F.P. a servi comme démineur au 17ème régiment du génie parachutiste.

En 2008 et 2009, il a effectué deux séjours de six mois en Afghanistan. A ce titre, il devrait pouvoir bénéficier de la "campagne double" pour ses douze mois passés sur le terrain, comme le prévoit le décret 2011-1459 du 8 novembre 2011. Las ! Il n'y aura pas droit parce qu'entre son retour d'Opex et la signature du décret, il a fait valoir ses droits à la retraite. Sa pension a en effet été liquidée le 1er novembre 2010, plus d'un an avant le décret.
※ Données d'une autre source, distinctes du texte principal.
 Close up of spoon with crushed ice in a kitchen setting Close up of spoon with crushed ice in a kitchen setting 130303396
Plusieurs anciens militaires se plaignent de cette situation, expliquant que "le décret n'intègre aucune disposition de rétroactivité". C'est à la fois vrai et faux. Faux, parce que le décret est bien rétroactif puisqu'il prévoit que tous les militaires, affectés dans une unité combattante ou ayant connu le feu en Afghanistan à partir du 3 octobre 2001, bénéficieront de la campagne double. En cela, la mesure de 2011 est bien rétroactive.
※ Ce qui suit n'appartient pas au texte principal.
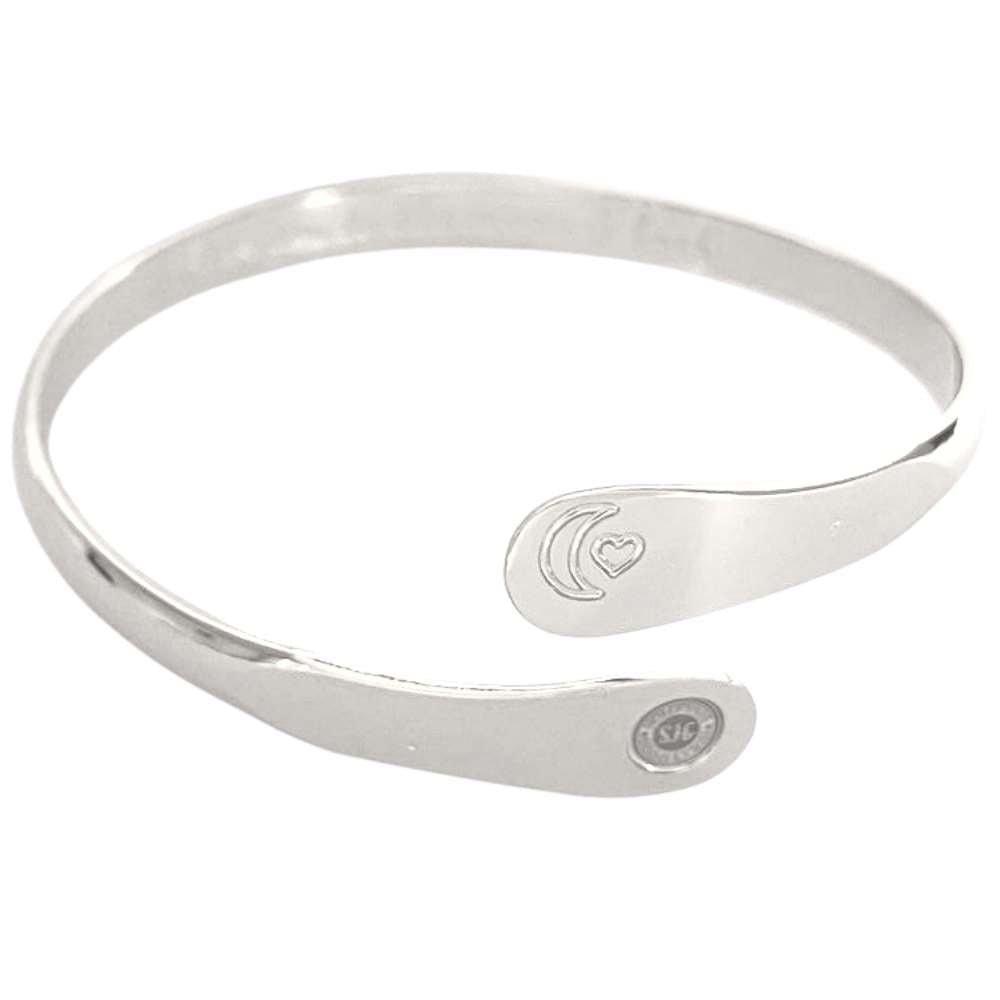 Silver tone cuff bracelet with moon and heart engraving on the front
Sauf pour les retraités, qui représentent environ 5% des effectifs pouvant prétendre à ce bénéfice, selon les estimations du ministère de la Défense. Cette inégalité s'explique par une règle sacro-sainte (article L55) selon laquelle "une pension liquidée ne peut être révisée". Ni à la hausse, ni à la baisse. "Les droits sont intangibles et irréversibles" explique-t-on à la Défense. Faire sauter cette "ligne rouge" en faveur de quelques retraités permettrait, demain, de réviser des pensions à la baisse, par exemple en cas d'austérité budgétaire... 
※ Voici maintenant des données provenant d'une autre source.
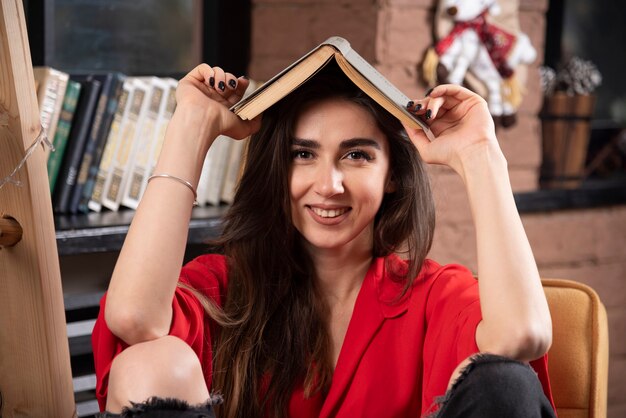 Smiling woman model sitting and holding a book overhead.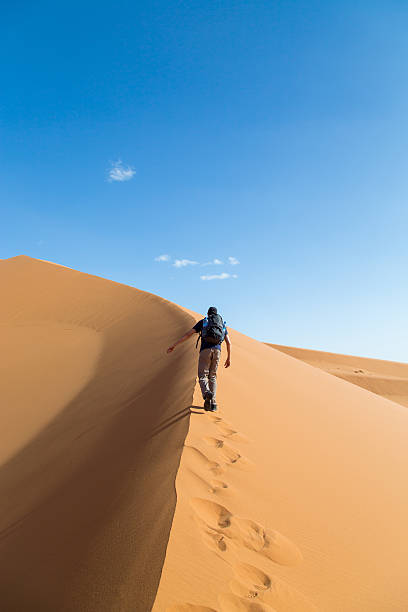 istock One person climbing big dune in the desert 532010275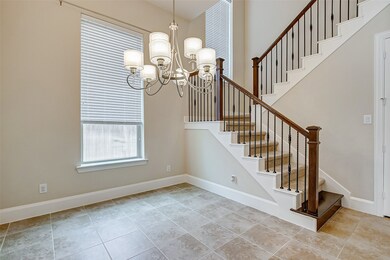 The elegant formal dining room features tile flooring, a luxe chandelier, upgraded baseboards, designer paint and a gleaming window for natural lighting.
Les retraités, qui font les frais de ce principe, bénéficient toutefois de la campagne simple : une année passée sur le terrain vaut une année de bonification, soit l'équivalent de deux ans de service. La campagne double est plus généreuse : une année sur le terrain vaut deux ans de bonification, soit l'équivalent de trois ans de service.